From Tony Lord: I was saddened to hear that Matt has passed away, and in my home country no less. Just to fill in a wee bit of Matt's career...I was sitting in my office at 72 Wall Street, which was the location of Crocker Bank International, when I was told by our receptionist that a certain Matt Forrest was here to see me.

When Matt walked into my office, not only was he puffing on his ever present pipe, but the smoke was exiting from, amongst other places, his ears. Matt was monumentally PO'd about something, and told me immediately that he wanted to apply for the job of Crocker's Japan Country Manager. To be honest, I've totally forgotten what had happened to Matt at Chase. However, I clearly recall trying to persuade him to sleep on this for a few days. I told him my experience when I resigned from Chase to join Barings in Hong Kong, and was very honest in saying that leaving Chase was the dumbest thing I ever did - I still feel that way today (and I've done many dumb things in my life before and since).

Matt wasn't even listening, and asked that I set up the necessary introductions for him. Of course I was delighted to open the necessary doors, and, for a while at least, Crocker National Bank had an outstanding person running its operation in Japan. Needless to say, in due course Matt saw the light and returned to "Mother Chase".
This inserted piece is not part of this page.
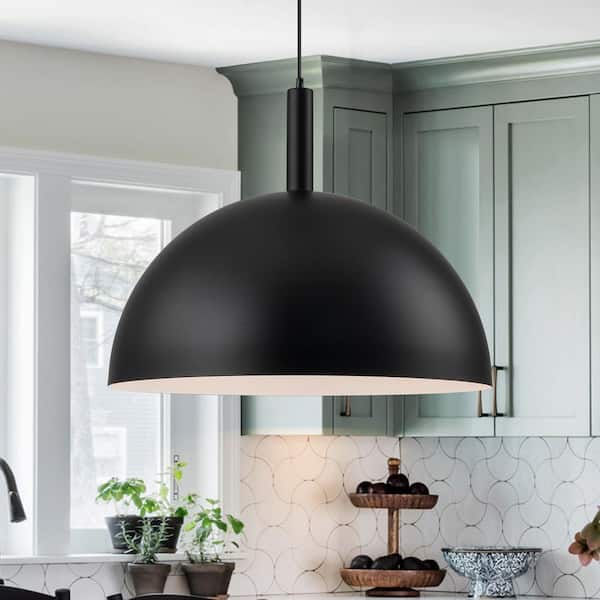LLHZSY 1-Light Modern Black Pendant Light with Dome Metal Shade for ...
He was indeed one of a kind. This summer, the members of the Chase Alumni Association, Bend Chapter, will raise a glass to his memory.

 

From Cyrus Hui: "Reading the memoriam brings back many fond memories of Matt, as I had been one of the people closest to him at Chase, having worked under his "supervision" in Tokyo from 1974 to 1979 and then again in Hong Kong from 2001 to 2004, when Chase was "one big happy family" -- especially for those of us in Tokyo - Cushy, John Ward, etc.
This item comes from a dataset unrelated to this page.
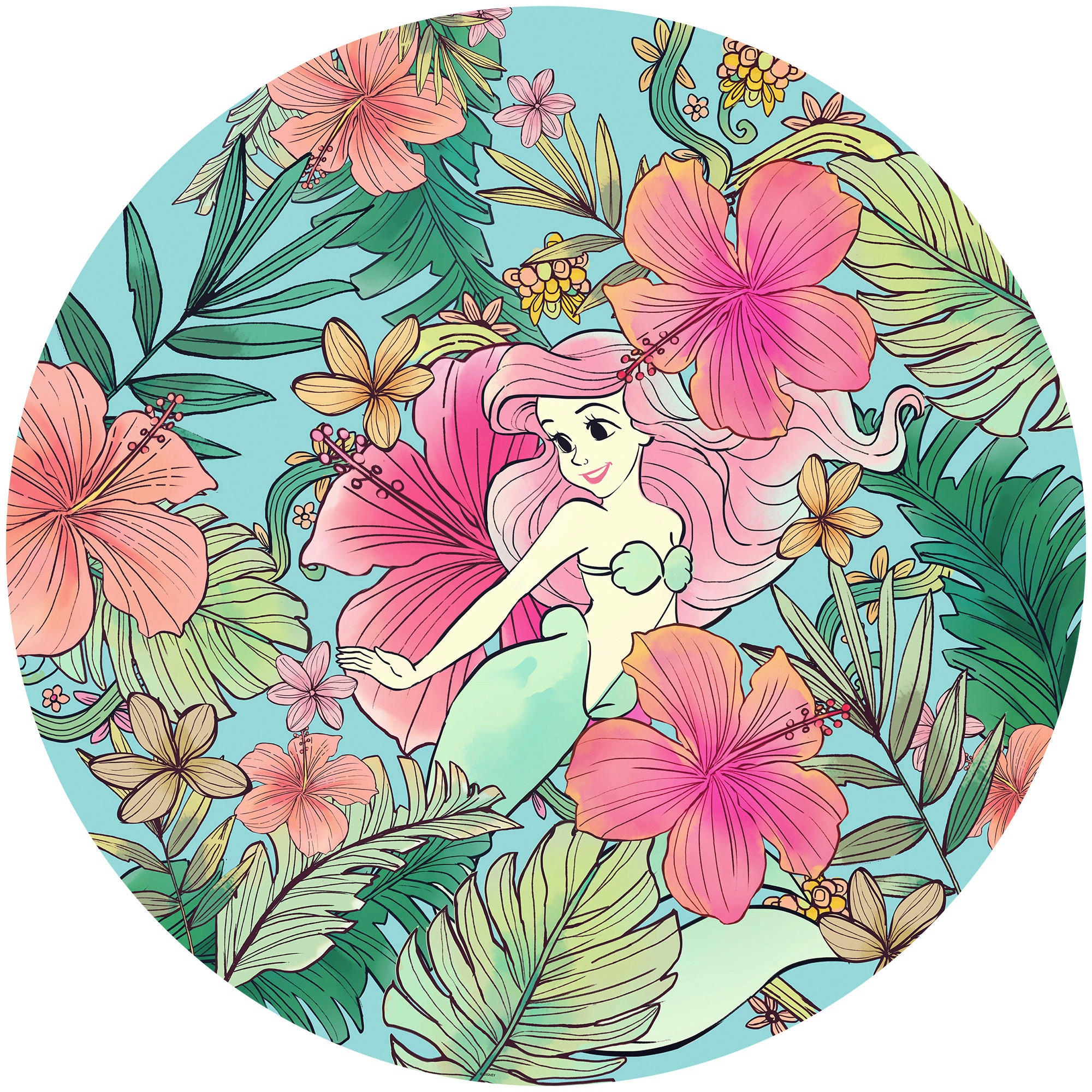 Komar Fototapete Ariel Ocean Flowers D: ca. 125 cm Ariel Ocean Flowers - (125,00cm) - Komar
"Matt was the most perceptive guy. He never "supervised", but our "Team C" was the most cohesive unit. Matt was capable of thinking the impossible, a most unorthodox guy who was not "banker-like". One characteristic of his that impressed all those with whom he came across was his complete sincerity and lack of ego.

"We had maintained close ties despite living in different worlds. The last time I saw Matt was in 2002, when I visited with him in Tokyo. He had moved back from Boston, where he spent some time. He had his own business of importing single malt whisky from small distillers in Scotland. For that, he travelled to Scotland several times a year. Matt was of Scotish decent,
his father, a naval architect, emigrated to the United States where Matt was born...Good Old Matt!"